Les chercheurs ont constaté qu’un HFD réduisait considérablement l’activité d’autophagie dans le cerveau de drosophile. Cette réduction de l’autophagie s’est accompagnée d’une altération de la formation de la mémoire, comme évalué par un apprentissage olfactif classique et un paradigme de la mémoire. Plus précisément, des mouches nourries par un HFD ont montré une capacité réduite à associer une odeur à un choc électrique, indiquant un déficit dans leurs capacités d’apprentissage et de mémoire.

La restauration de l’autophagie inverse les déficits cognitifs

Surtout, l’équipe a démontré que la restauration de l’activité d’autophagie pourrait inverser les déficits cognitifs induits par le HFD. En améliorant génétiquement l’autophagie dans le cerveau des mouches nourries au HFD, ils ont pu restaurer leurs performances de mémoire à des niveaux comparables à ceux des mouches nourris avec une alimentation normale. Cette constatation fournit une preuve solide que l’autophagie altérée joue un rôle essentiel dans la médiation des effets négatifs d’un HFD sur la fonction cognitive.

Insistance mécaniste: AMPK et autophagie

Une enquête plus approfondie a révélé que le HFD a supprimé l’activité de l’AMPK (protéine kinase activée par l’AMP), un régulateur clé du métabolisme énergétique et de l’autophagie. L’activation de l’AMPK est connue pour favoriser l’autophagie, et les chercheurs ont constaté que l’inhibition de l’AMPK Drosophile Les cerveaux ont imité les effets du HFD, réduisant l’autophagie et altérant la mémoire. Inversement, l’activation de l’autophagie améliorée AMPK et des performances de mémoire améliorées.

Ces résultats suggèrent que le HFD perturbe l’autophagie en supprimant l’activité AMPK, conduisant à une cascade d’événements qui entraînent finalement un déclin cognitif.

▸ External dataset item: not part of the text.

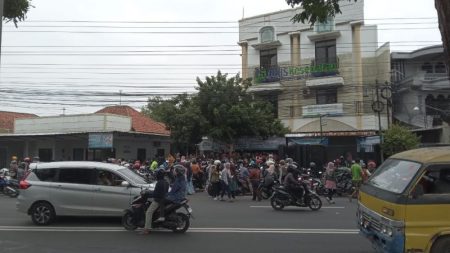 Ratusan mantan pekerja Sritex mengantri untuk mengurus relaksasi kontribusi BPJ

Directions et implications futures

Cette étude fournit des preuves convaincantes d’un lien entre les troubles de l’autophagie induits par le HFD et les déficits cognitifs. L’utilisation de Drosophile En tant que système modèle, les chercheurs ont des informations précieuses sur l’impact plus large des HFD sur le système nerveux et d’identifier les cibles thérapeutiques potentielles pour atténuer les conséquences cognitives d’un régime riche en graisses.

Principaux à retenir

  • Un régime riche en graisses réduit l’activité d’autophagie dans le cerveau.
  • L’autophagie altérée est liée aux déficits cognitifs et aux troubles de la mémoire.
  • La restauration de l’autophagie peut inverser les effets négatifs d’un HFD sur la mémoire.
  • AMPK joue un rôle crucial dans la régulation de l’autophagie et la médiation des effets d’un HFD.

Les recherches futures se concentreront sur l’exploration des mécanismes moléculaires spécifiques par lesquels l’AMPK régule l’autophagie dans le cerveau et l’identification des interventions pharmacologiques potentielles pour améliorer l’autophagie et protéger contre le déclin cognitif induit par le HFD. Ces résultats ont des implications cruciales pour comprendre le lien entre l’alimentation, la santé du cerveau et les maladies neurodégénératives.